**Exercise brief:**
Below, locate the line that contains "Antistar Ruched Bodycon". Repeat exactly from that line to the line that contains "Women's shorts Nike One image-2", inclusive, leaving out the pictures.

**Source records:**
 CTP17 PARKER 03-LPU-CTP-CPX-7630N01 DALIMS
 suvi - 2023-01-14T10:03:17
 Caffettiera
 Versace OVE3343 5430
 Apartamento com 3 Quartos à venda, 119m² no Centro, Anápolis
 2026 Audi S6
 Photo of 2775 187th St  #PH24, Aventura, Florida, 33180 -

---

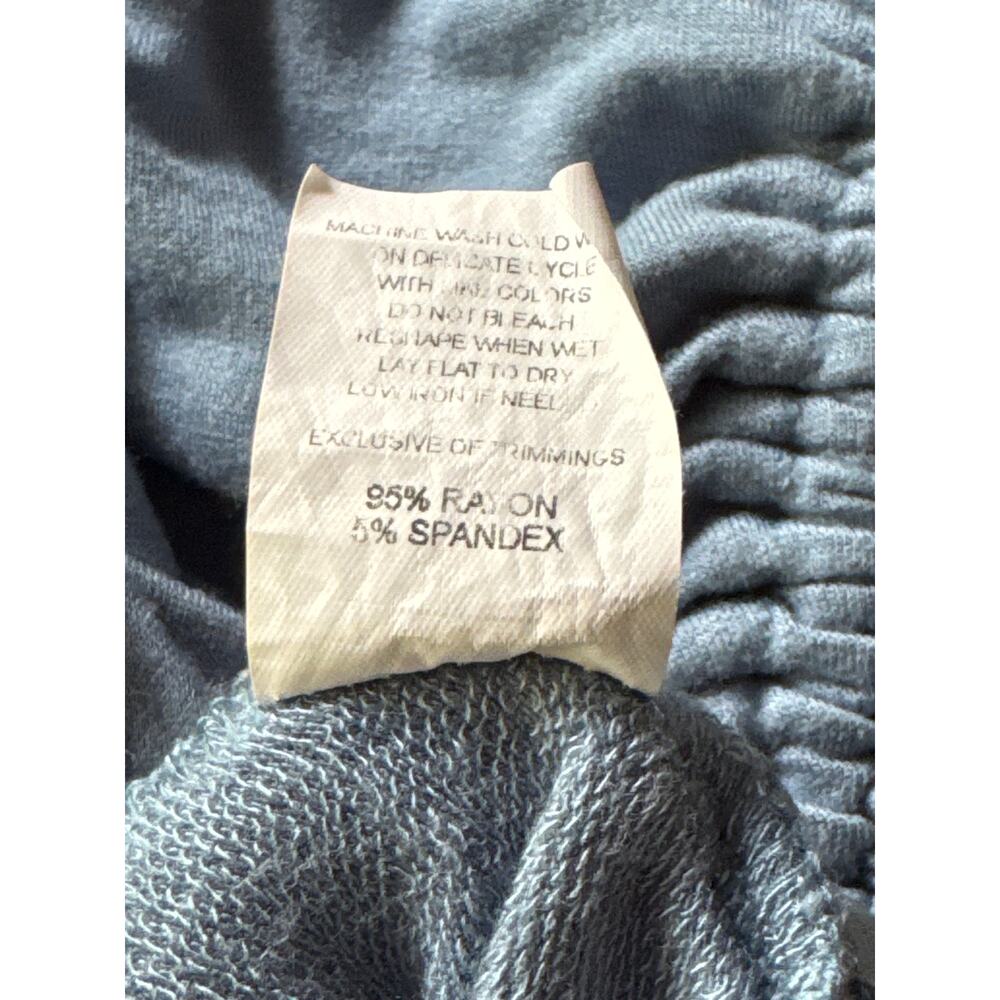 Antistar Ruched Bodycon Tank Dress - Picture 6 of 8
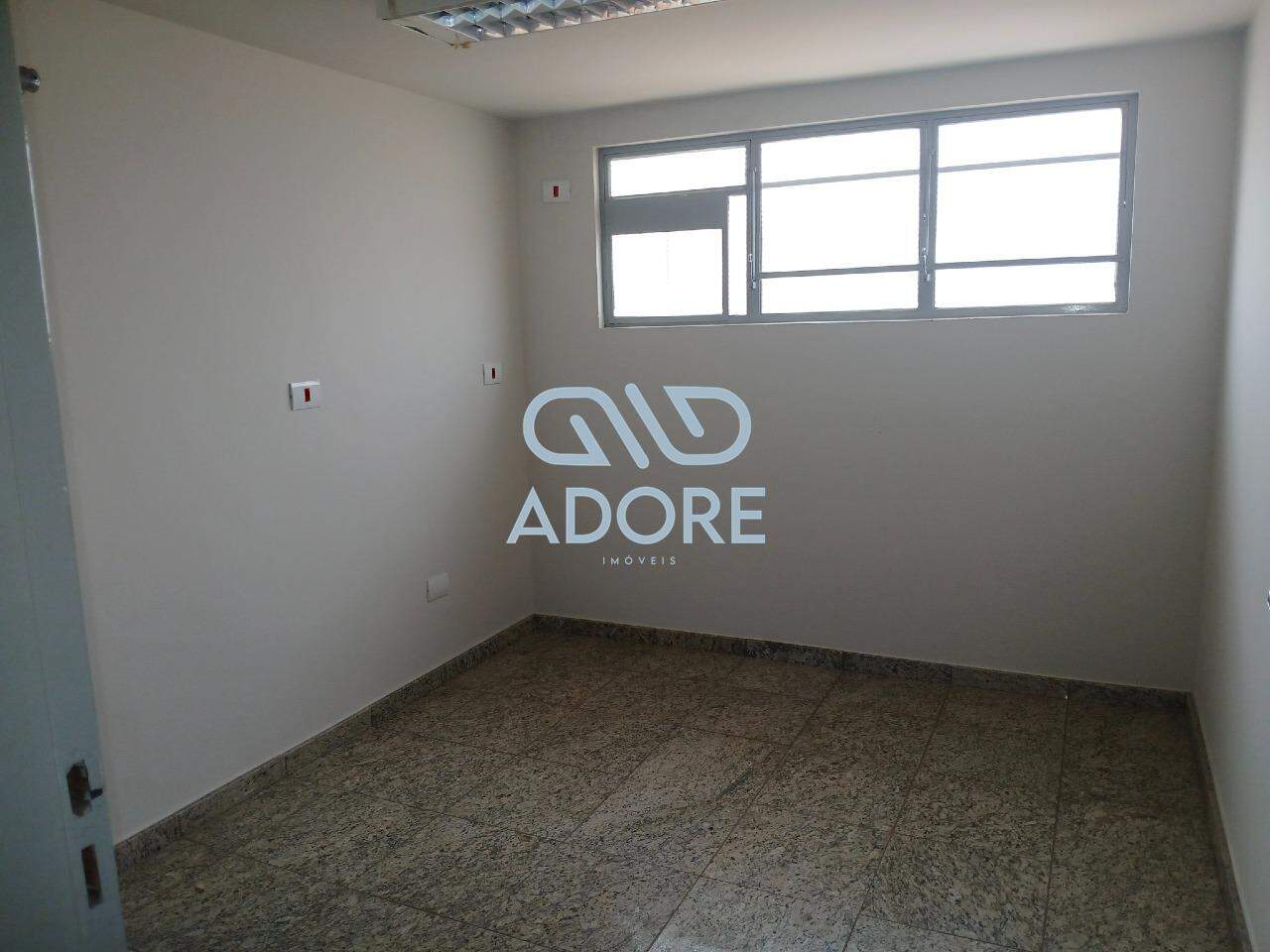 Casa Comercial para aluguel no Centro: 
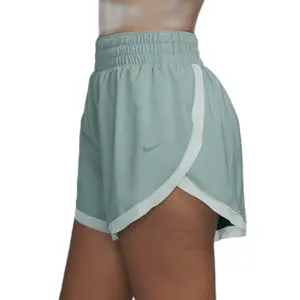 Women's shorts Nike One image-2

**Your response:**
 Antistar Ruched Bodycon Tank Dress - Picture 6 of 8
 Casa Comercial para aluguel no Centro: 
 Women's shorts Nike One image-2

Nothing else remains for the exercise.